Assignment
Scanning the entries below, copy every line that contains the word "Cover".

========

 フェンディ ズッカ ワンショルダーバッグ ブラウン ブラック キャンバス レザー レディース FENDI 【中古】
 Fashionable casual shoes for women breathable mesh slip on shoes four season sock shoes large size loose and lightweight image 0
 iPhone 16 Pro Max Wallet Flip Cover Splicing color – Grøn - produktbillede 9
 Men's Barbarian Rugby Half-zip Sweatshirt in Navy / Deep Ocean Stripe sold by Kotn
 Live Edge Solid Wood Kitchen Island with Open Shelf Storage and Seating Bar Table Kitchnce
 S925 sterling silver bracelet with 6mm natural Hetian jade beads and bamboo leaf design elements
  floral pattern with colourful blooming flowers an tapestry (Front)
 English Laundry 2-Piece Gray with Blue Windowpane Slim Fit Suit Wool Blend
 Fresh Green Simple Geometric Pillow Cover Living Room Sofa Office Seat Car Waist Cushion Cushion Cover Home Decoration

========

Result for this exercise
 iPhone 16 Pro Max Wallet Flip Cover Splicing color – Grøn - produktbillede 9
 Fresh Green Simple Geometric Pillow Cover Living Room Sofa Office Seat Car Waist Cushion Cushion Cover Home Decoration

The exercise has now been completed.